Reinhold Bocklet hat Olching und Puchheim zum Stadttitel verholfen. Seine Heimatgemeinde Gröbenzell hat die Offerte abgelehnt

Interview von Erich C. Setzwein, Gröbenzell

Der Gröbenzeller Reinhold Bocklet,78, hat maßgeblich dabei geholfen, dass Puchheim und Olching den Stadttitel bekamen. Der ehemalige Staatsminister und Erste Landtagsvizepräsident erinnert sich im SZ-Interview, wie zwei Gemeinden sich für den Titel entschieden, in seiner Heimatgemeinde, der Gartenstadt Gröbenzell, sich plötzlich Widerstand entwickelte.

SZ: Herr Bocklet, war es eigentlich eine "schwierige Geburt" Olching, Puchheim und Gröbenzell zu Städten machen zu wollen? Von welchen Gedanken haben Sie sich damals leiten lassen?

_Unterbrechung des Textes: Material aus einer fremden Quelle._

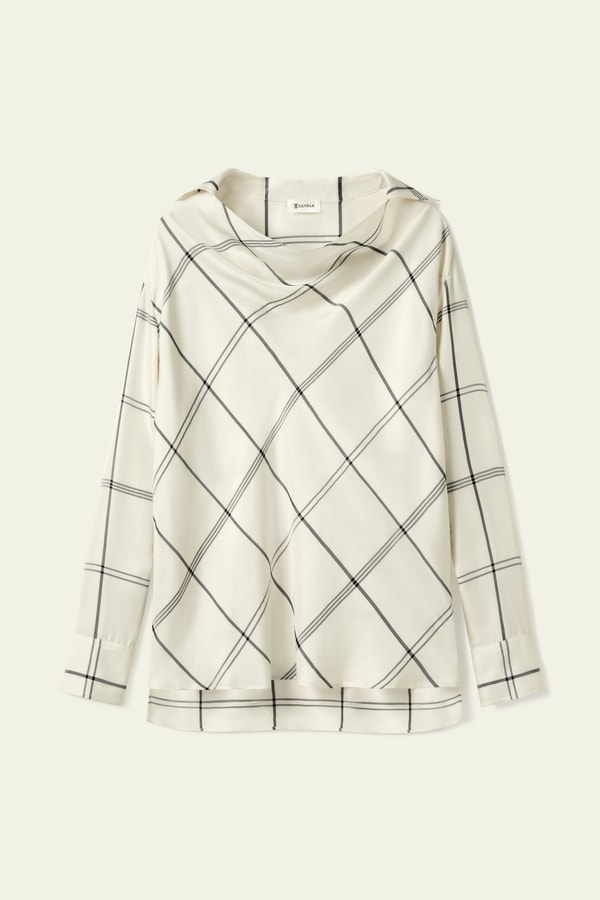 Lilysilk Silk Twill Cowl Neck Top In Check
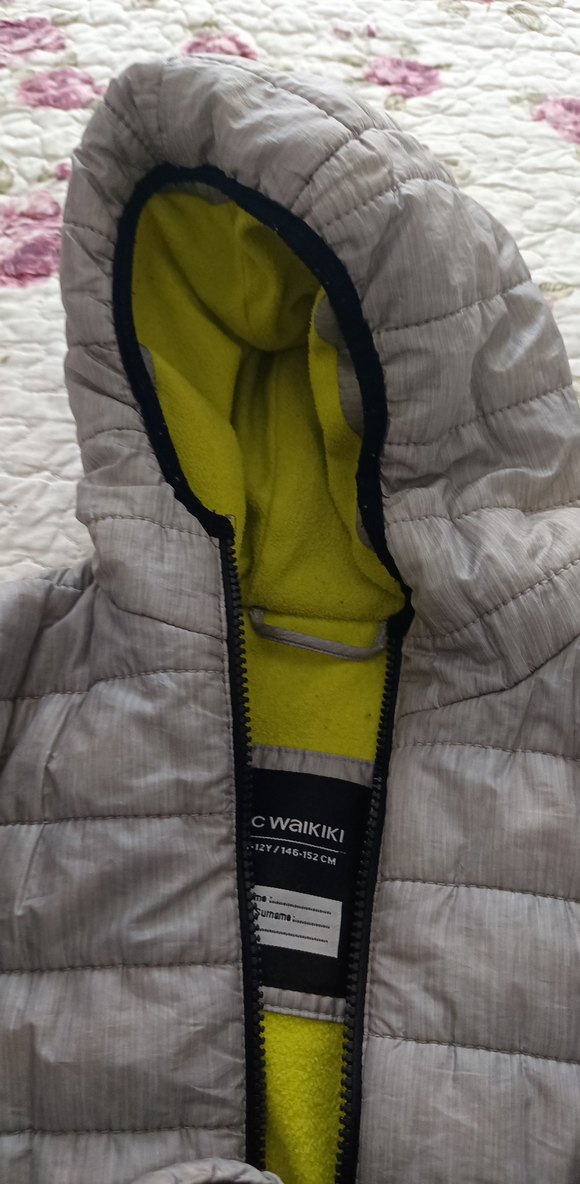 Gri Kapüşonlu erkek çocuk  Mont - Görsel 4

Reinhold Bocklet: Historisch gesehen ging der Wunsch zur Stadterhebung von der Gemeinde Puchheim und von ihrem damaligen Ersten Bürgermeister Herbert Kränzlein aus, der fand, dass seine Gemeinde mit damals bereits über 20 000 Einwohnern im Kreis vieler anderer Kommunen deutlich unterrepräsentiert sei. Angesichts zahlreicher bayerischer Städte mit weniger Einwohnern fand ich das Argument verständlich, zumal der Status einer Stadt die Selbstbehauptung der Kommune gegenüber der übermächtigen Landeshauptstadt unterstützen kann. Oft genug hat der Status einer Stadt auch eine positive Wirkung auf das Bürgerbewusstsein in einer Kommune. Mit der Unterstützung für Puchheim stellte sich natürlich sofort die Frage nach einer entsprechenden Berücksichtigung der größeren Nachbargemeinde Olching, wo zwar in den Neunzigerjahren von einer Stadterhebung die Rede, aber eine aktuelle Debatte darüber nicht im Gange war. Meine entsprechende Nachfrage stieß bei den Olchinger Verantwortlichen auf positive Resonanz, so dass nur noch die dritte Kommune, die ich als Gröbenzeller Bürger nicht übergehen durfte, nach ihrer Einstellung zu fragen war. Nachdem auch aus dem dortigen Rathaus Interesse signalisiert worden war, nahm ich Kontakt zu Innenminister Joachim Herrmann auf. Es gab damals in der Kommunalabteilung des Innenministeriums einen gefestigten Standpunkt, keine Stadterhebungen mehr im Umfeld der Landeshauptstadt München zu unterstützen. Der Innenminister ließ sich im Lauf der Gespräche vom Gegenteil überzeugen. Dabei spielte vor allem die Stärkung der Selbstverwaltung in den drei Großgemeinden gegenüber der Landeshauptstadt eine entscheidende Rolle.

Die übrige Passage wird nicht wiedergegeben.